**ABOUT THIS EXERCISE**
Word for word, transcribe the lines below and drop the pictures.

**PROVIDED DATA**

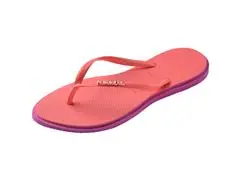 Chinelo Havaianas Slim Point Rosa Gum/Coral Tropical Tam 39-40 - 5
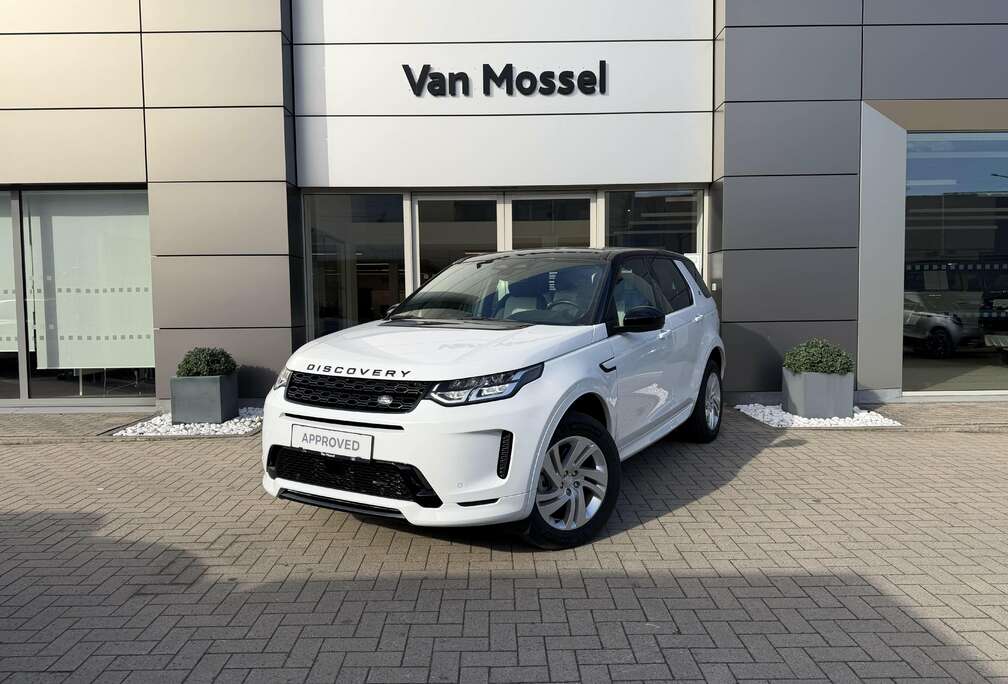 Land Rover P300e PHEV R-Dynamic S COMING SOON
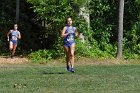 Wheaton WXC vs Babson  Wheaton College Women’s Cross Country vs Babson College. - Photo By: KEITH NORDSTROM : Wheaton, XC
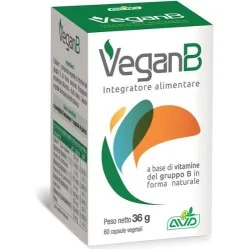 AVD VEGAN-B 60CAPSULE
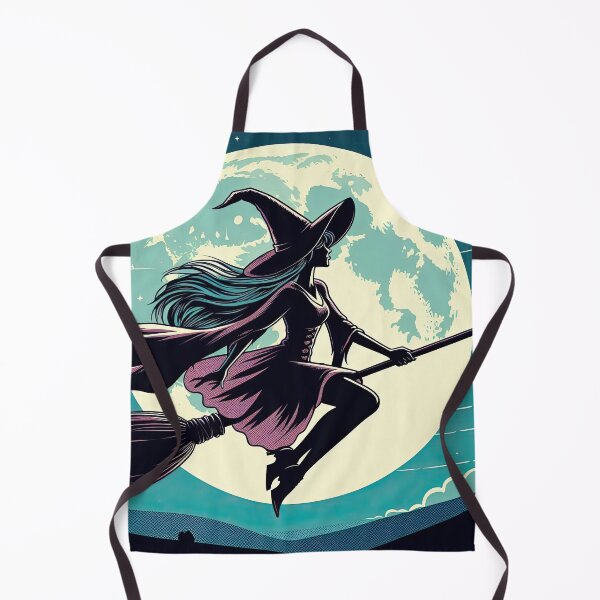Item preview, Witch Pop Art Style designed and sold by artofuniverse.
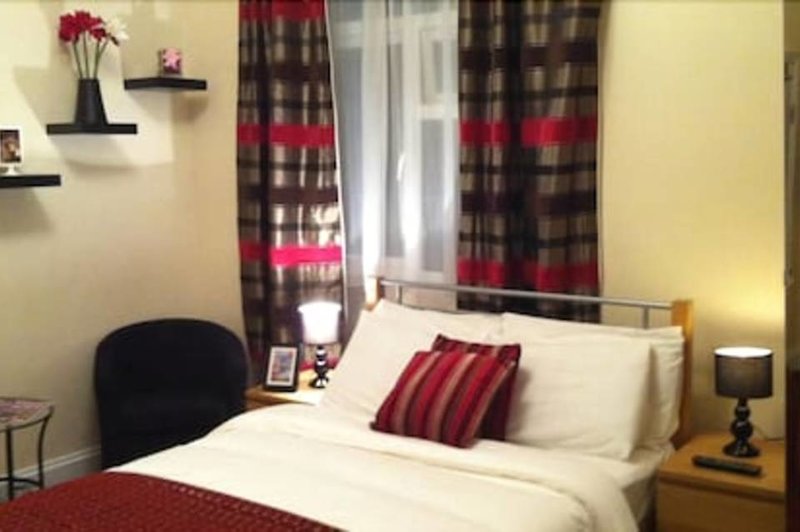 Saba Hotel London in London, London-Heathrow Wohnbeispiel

**ANSWER SPACE**
 Chinelo Havaianas Slim Point Rosa Gum/Coral Tropical Tam 39-40 - 5
 Land Rover P300e PHEV R-Dynamic S COMING SOON
 Wheaton WXC vs Babson  Wheaton College Women’s Cross Country vs Babson College. - Photo By: KEITH NORDSTROM : Wheaton, XC
 AVD VEGAN-B 60CAPSULE
Item preview, Witch Pop Art Style designed and sold by artofuniverse.
 Saba Hotel London in London, London-Heathrow Wohnbeispiel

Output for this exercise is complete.